Humans are image making and image beholding animals. Cave drawings and engraved totems accompanying the deceased in the grave are the natural signs of the emergence of our metaphysical kindred on the earth, whether they be biologically homo sapiens, Neanderthal, or Denisovan. These are the marks of the humane, as the arrival of the image is part and parcel of the tenuous mix of spontaneity and determinacy, freedom and constraint, fidelity and creativity, theory and practice that is the human condition, the ground of both its glory and its foibles. For this reason, vision, the imaging faculty, has always been privileged among the senses by Western philosophers, at least since Plato, as being most closely allied to the kind of insight the philosophical endeavor is supposed to deliver. The image gathers Being for us, but we, its maker and beholder, are not merely passive recipients of the gathering. What one beholds in the image is an expression of his philosophy, something, ironically, he is both responsible for and responsible to.

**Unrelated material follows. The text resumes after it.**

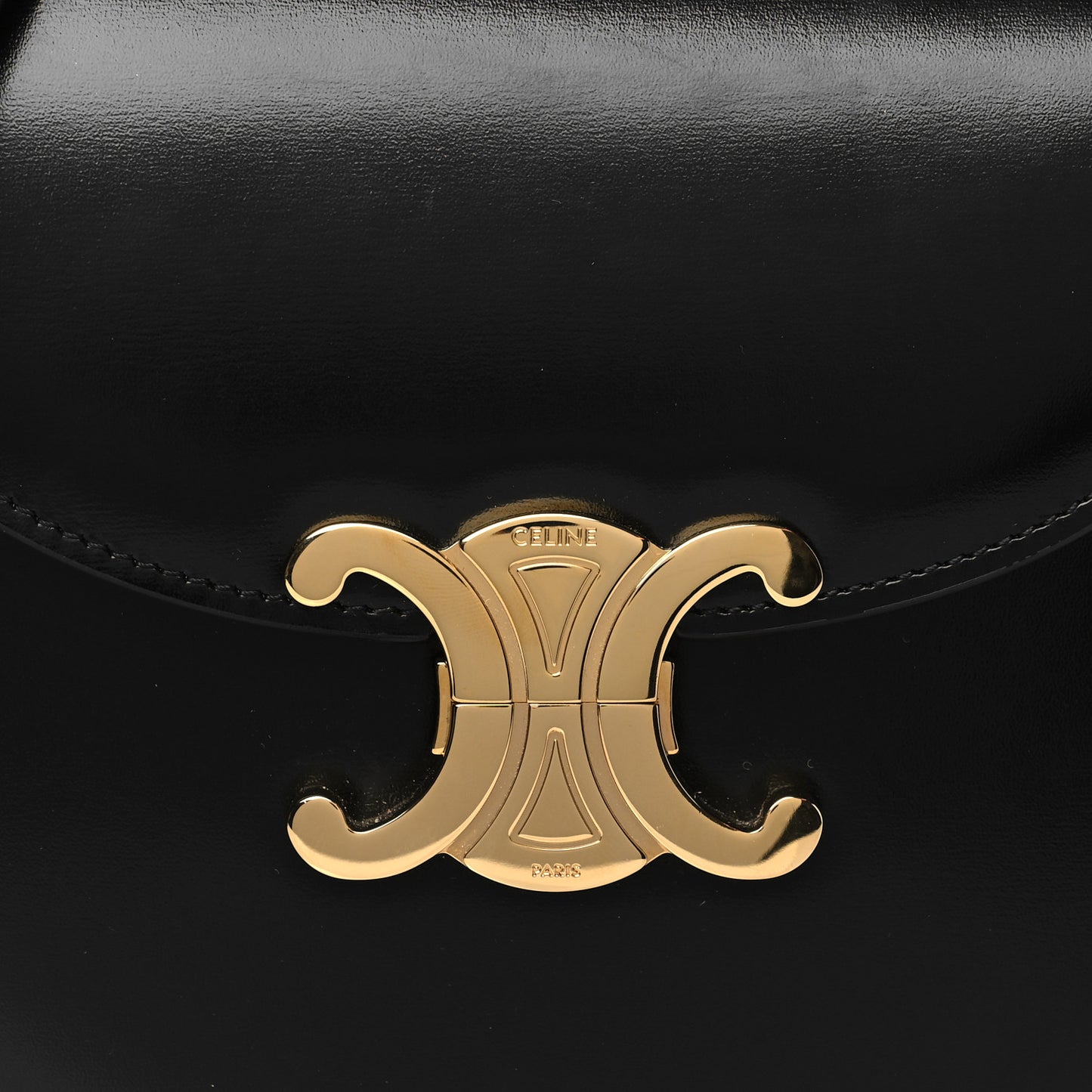 Shiny Calfskin Teen Besace Black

In this, the first essay of this series, I want to give an expression of my basic philosophic dispositions. I do so not by listing my allegiances to well-known thinkers and schools of thought (all of that will likely be obvious to the initiated reader anyway), nor will I go any distance toward defending these commitments in what follows immediately. Rather, I am going to disclose what I behold in an image. In offering what I see, I reveal my stance toward the world to which it bears a likeness. That stance, like any stance, is as much a making as a beholding, which calls for a justification. The burden of that justification is the philosophical enterprise, and I will take it up in the essays to come. For now, I ask you to indulge me as I articulate what I see, which I believe is the most humane way for us to set the stage to philosophize together.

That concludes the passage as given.